(TASK BRIEF)
Repeat word for word the lines from the one containing "GORILLA GRIP Bath" to the end of the material below, and leave all pictures out.

(DATA SEGMENT)
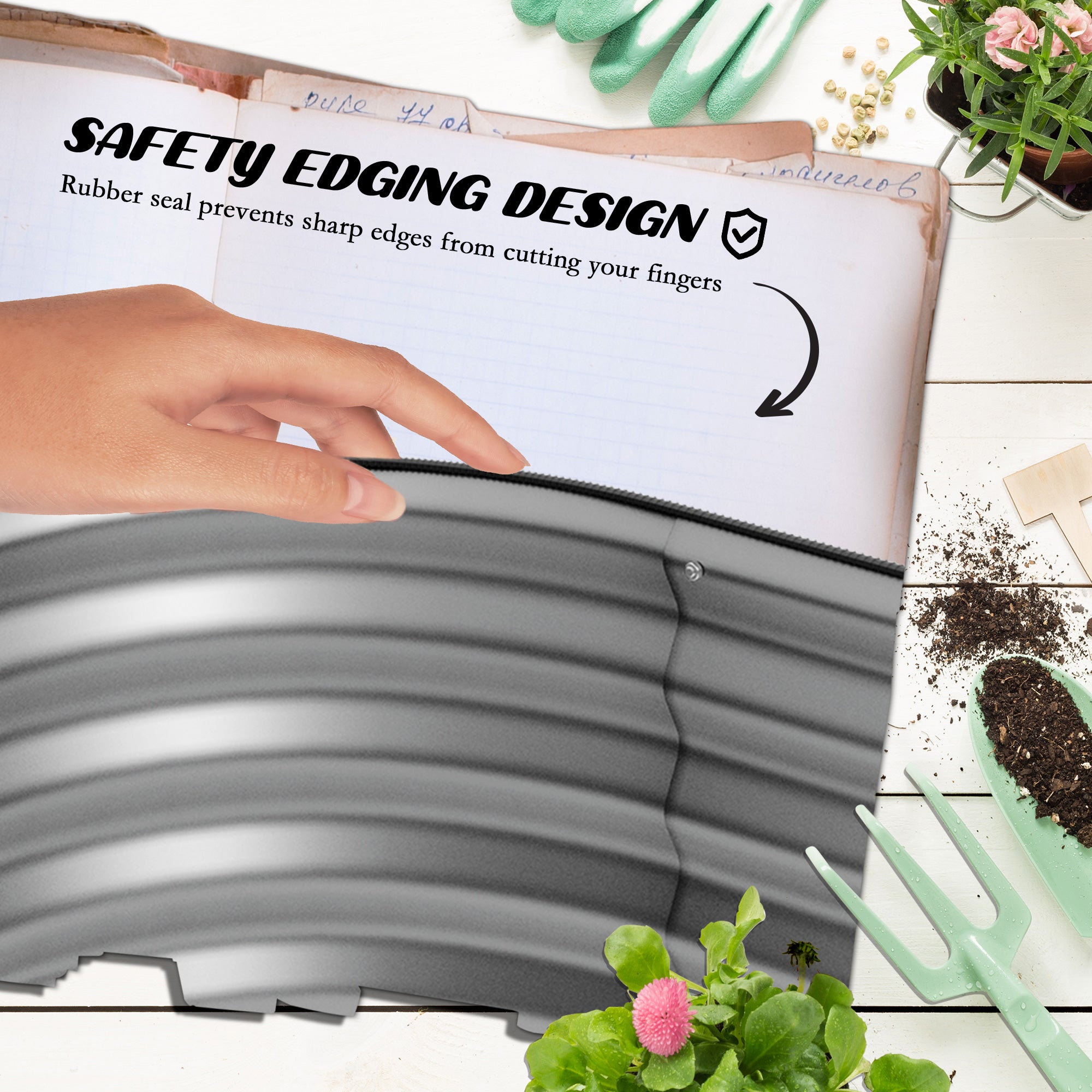 4.9 x 2 x 1ft Galvanized Raised Garden Bed Kit, Metal Planter Box with Safety Edging, Silver Galvanized Planter Boxes at Gallery Canada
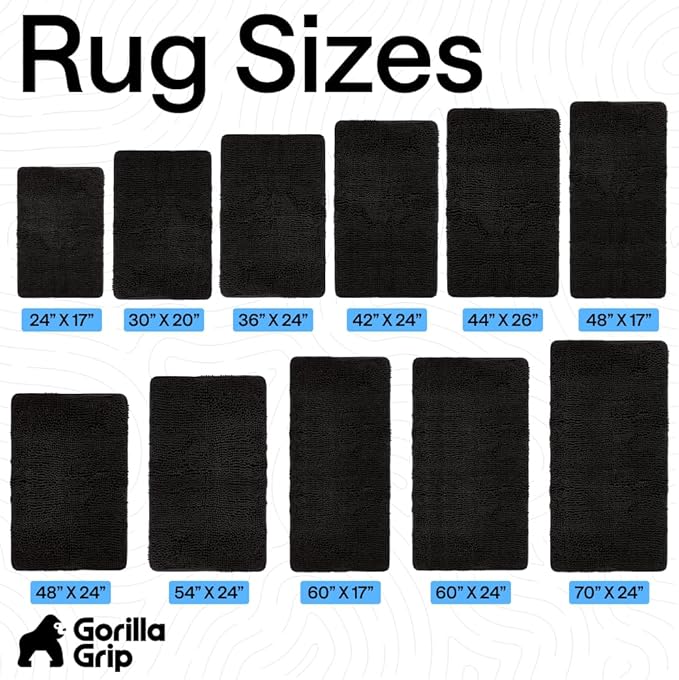 GORILLA GRIP Bath Rug Mat 48x24, Thick Soft Absorbent Chenille, Quick Dry Microfiber Mats, Rubber Backing Washable Shower Floor Rugs, Bathmat Runner, US Designed Bathroom Home Decor Accessories Black
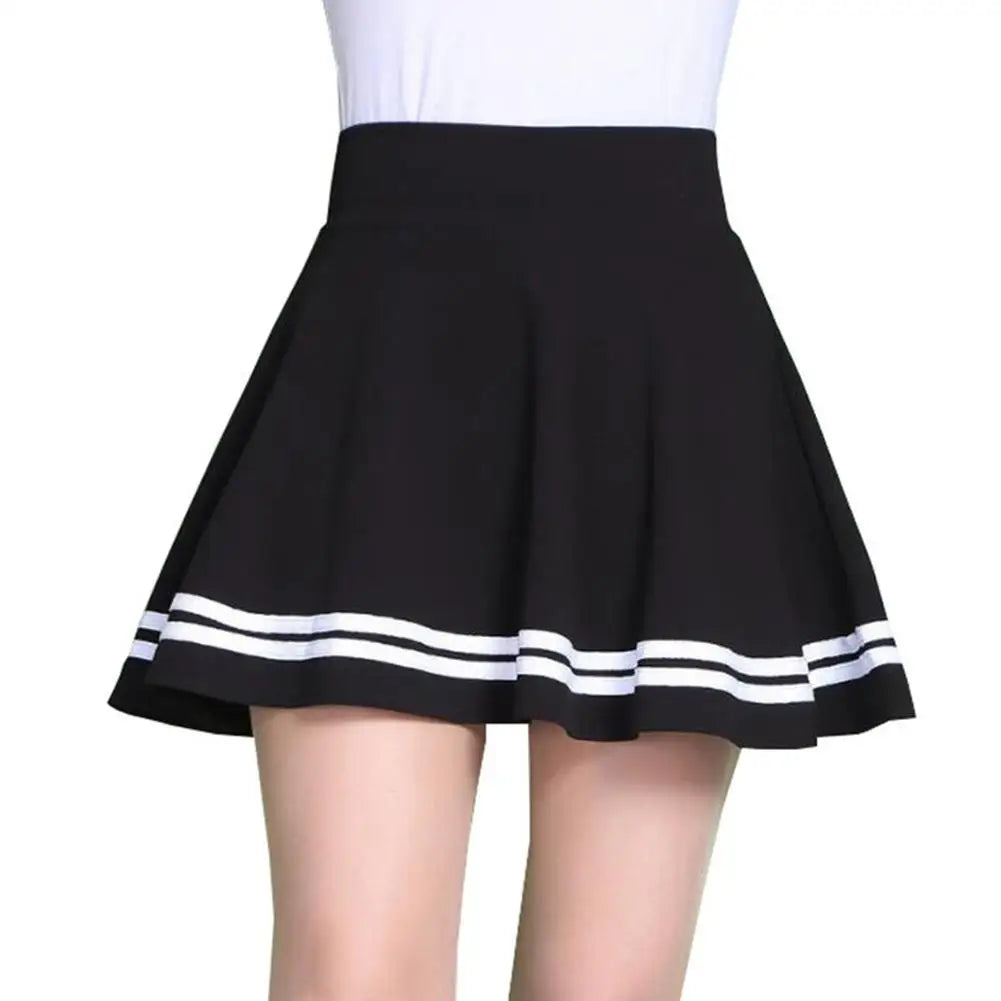 Women Skirt Solid Color High Waist Stripe Midi Pleated Skirts Girls Black White A Line Mini School Skirt Uniform Large Size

(ANSWER FOR THIS EXERCISE)
 GORILLA GRIP Bath Rug Mat 48x24, Thick Soft Absorbent Chenille, Quick Dry Microfiber Mats, Rubber Backing Washable Shower Floor Rugs, Bathmat Runner, US Designed Bathroom Home Decor Accessories Black
 Women Skirt Solid Color High Waist Stripe Midi Pleated Skirts Girls Black White A Line Mini School Skirt Uniform Large Size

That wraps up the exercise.